Connecting with and keeping customers is more challenging than ever. Ecommerce competition is up, and so are rates for digital ads, while ROI on ad spending is down, according to a recent Shopify report. As a result, the report recommends that brands “prioritize customer lifetime value and promote brand loyalty.”
Better fraud prevention won’t reduce the rates you pay for ads or eliminate the need to create compelling messaging, of course. However, fraud and false decline prevention can preserve your investment in customer acquisition. Prevention also protects your brand from negative word-of-mouth that can make customer acquisition more difficult and more expensive.

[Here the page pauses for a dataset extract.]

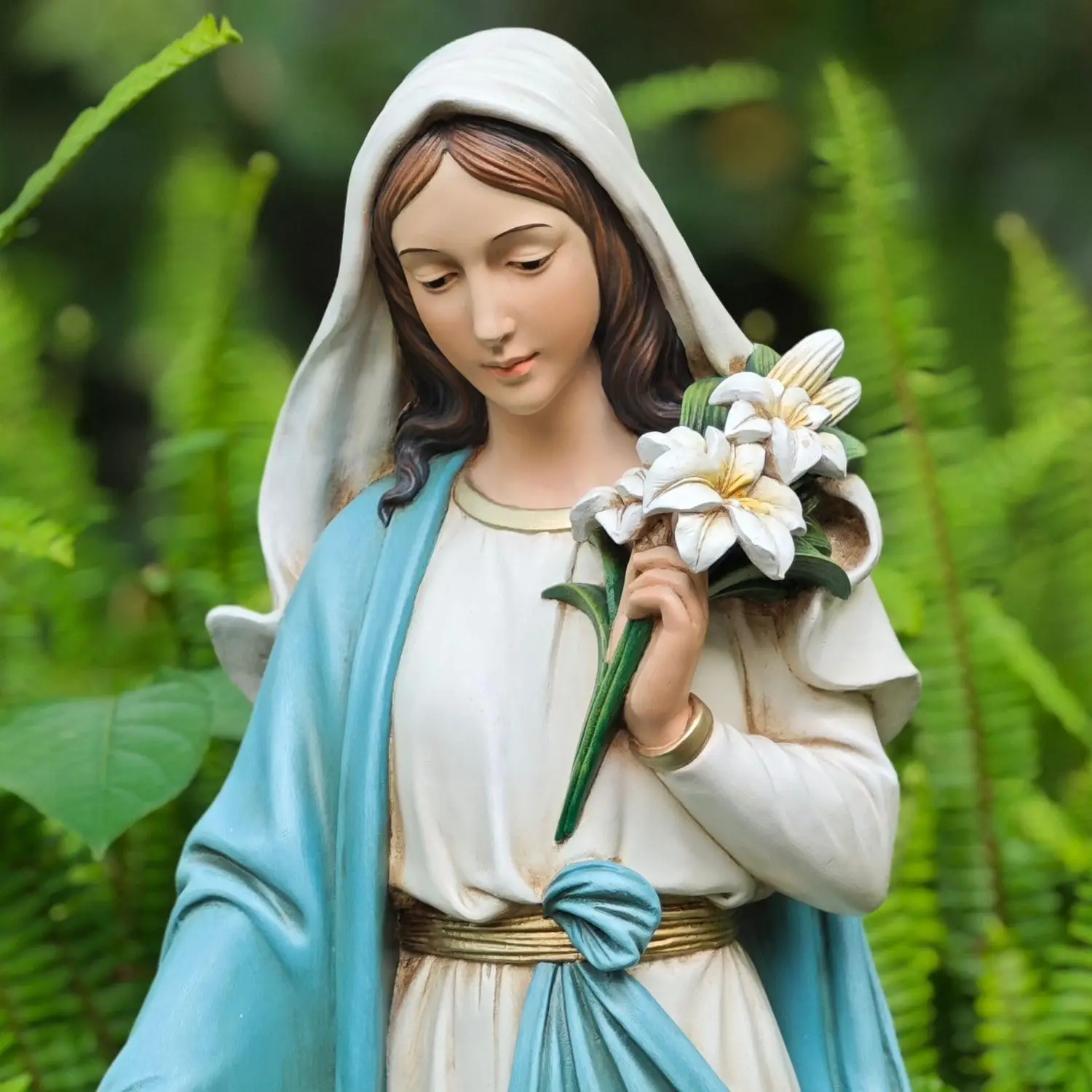 Virgin Mary Sculpture Statue Holding Lilies Weather Resistant Outdoor Decor Ornament for Yard Patio Lawn Hallway Home Garden Decoration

The ecommerce market will grow by more than 14% year over year through 2027, with new stores going online all the time. As competition increases, it can be harder to connect with customers through digital messaging. Search ad costs per click increased by an average of 19% last year for most industries, raising the stakes for return on ad investment. Third-party data is harder to access, requiring businesses to collect and analyze more first-party data in order to personalize the customer experience.
Considering all these factors, it’s no surprise that the average cost to acquire a new customer reached $29 in 2022. In order to make those acquisitions profitable, businesses need to derive the highest possible lifetime value from each customer.

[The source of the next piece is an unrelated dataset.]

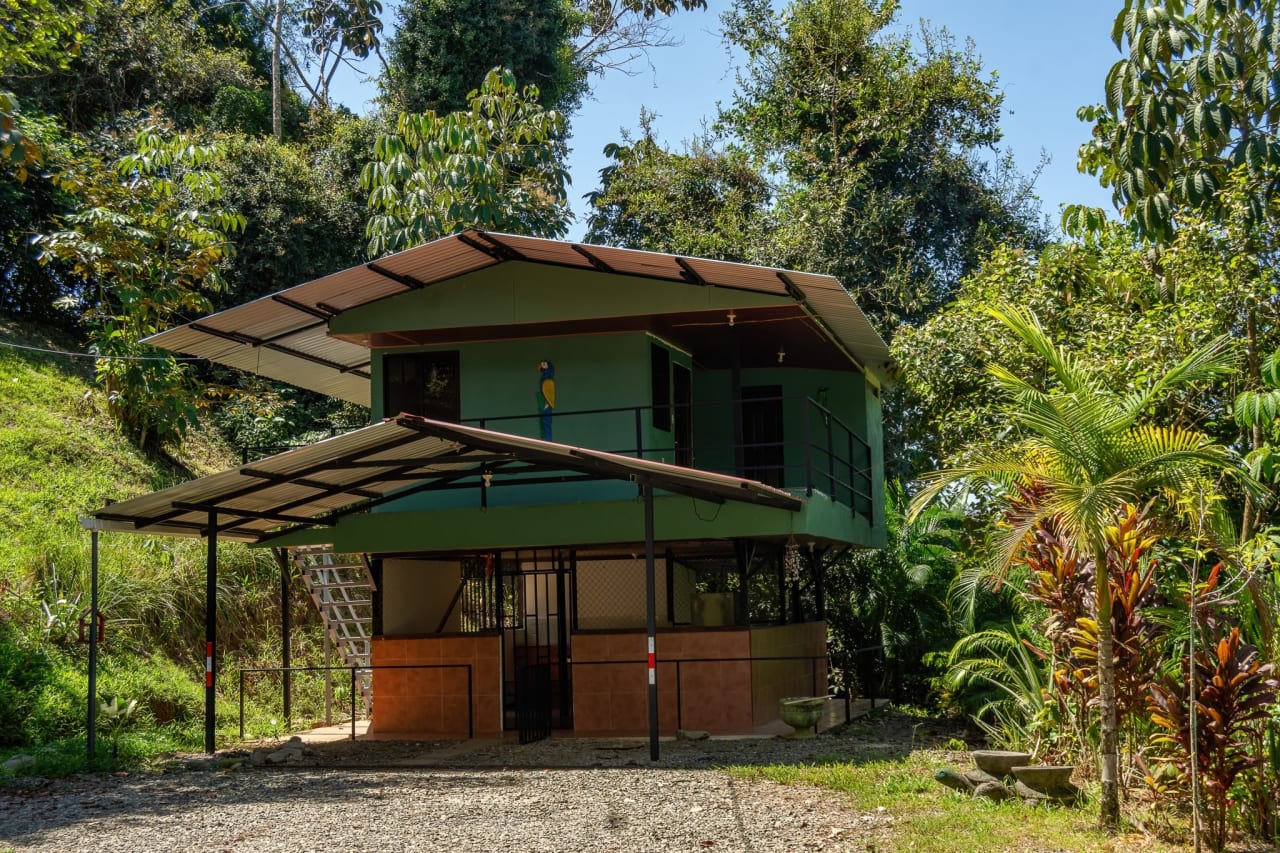 ECO-FRIENDLY 8 Home Parcel With Land to Expand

Customers quickly lose trust in online stores if their card is used to commit fraud there. In ClearSale’s March 2021 survey of online shoppers in five countries, 84% said they’d never shop again on a site that allowed that kind of fraud with their card. Among that same group of consumers, 15% said they’d experienced online payment fraud within the past year. Nearly ⅓ of those fraud victims said they’d had more than one fraud experience during that time.
Card not present (CNP) fraud isn’t going away or even slowing down. By 2024, analysts expect CNP fraud losses in the U.S. to exceed $10 billion, up from $8.75 billion in 2022. Rising fraud rates expand the number of potential victims and increase the potential number of customers who will abandon an online store because of their bad experience.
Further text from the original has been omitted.